History of the Parish
The Parish of Eglwysilan was one of the parishes created in Llandaff Diocese sometime in the 12th Century. This was done under the structuring of the Roman Catholic Church in those days when the country was divided into areas or diocese and subdivided into parishes. It covered an area of more than 30,000 acres which extended from Rumney to Abercynon, including both Caerphilly and Llanfabon. The Parish church of St Ilan was built on Mynydd Eglwysilan; ideally situated to serve such an extensive area because it commanded both the Taff and Aber Valleys . It is likely that this was built on the site of an earlier chapel or cell from the age of the saints.
During the 6th Century, St. Cenydd established a Monastery in Caerphilly, and possibly an ancient church at Senghenydd 'Capel Y Cenydd'. In their choices of routes and sites for outlying churches, St. Catwg (St. Cadog) and his disciples from Llancarfan made use of Roman roads. One of these monks, following the route to Gelligaer, possibly set up a cell at Eglwysilan.
The Parish reduced in geographical size over the centuries with the development of industry in the Taff and Rhymney Valleys and is now a Parish of some 8,000 people serving all of the Aber Valley and including the villages of Abertridwr and Senghenydd together with the hamlets of Eglwysilan and Goeswen.
This is a diverse Parish made up of a post mining valley and hill farming communities and residential areas (less than 10miles from the centre of Cardiff ). New housing is being constructed on the Windsor Colliery Site in Abertridwr.

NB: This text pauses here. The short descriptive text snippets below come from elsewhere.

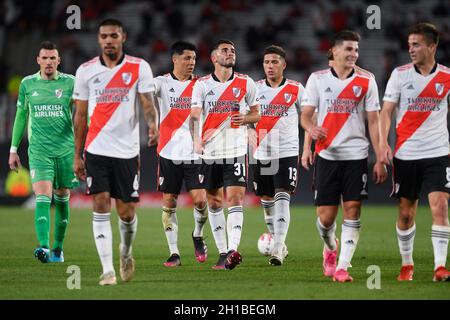 Buenos Aires, Argentina. 17 ottobre 2021. Giocatori di River Plate visti durante la partita tra River Plate e San Lorenzo come parte del Torneo Liga Professional 2021 all'Estadio Monumental Antonio Vespucio liberi (punteggi finali; River Plate 3:1San Lorenzo) Credit: SOPA Images Limited/Alamy Live News Foto Stock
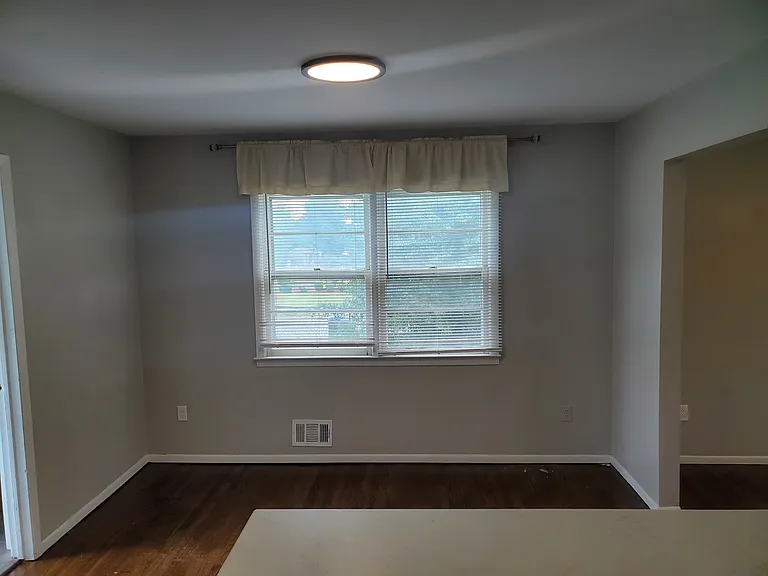 30 Bartha Ave #30 — Photo 8
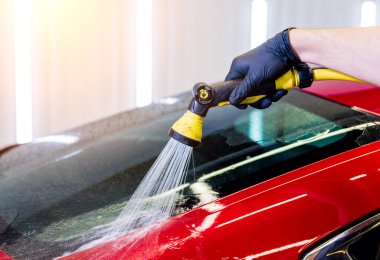 Servis çalışanı araba yıkamada araba yıkıyor..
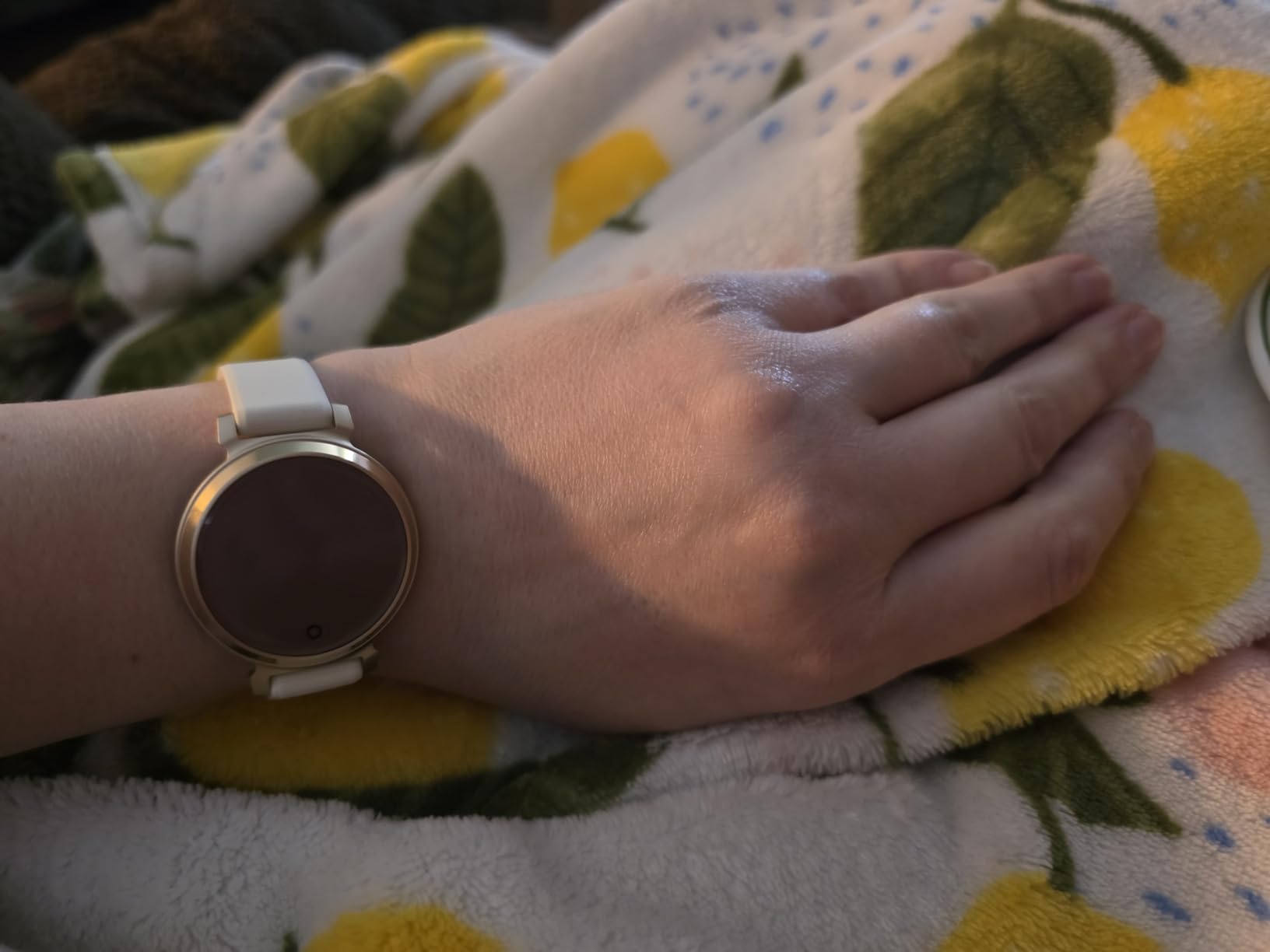 Garmin Lily 2, Small and Stylish Smartwatch, Hidden Display, Patterned Lens, Up to 5 Days Battery Life, Coconut customer photo 2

Senghenydd is the site of the Universal Colliery where the biggest mining disaster in History took place in 1913 claiming the lives of 440 in the 'Senghenydd Explosion'. This in turn had followed another terrible explosion in 1901 claiming the lives of 78. The disasters are remembered in the Valley with the Mining Museum and the memorial at the entrance to Nant y Parc primary School.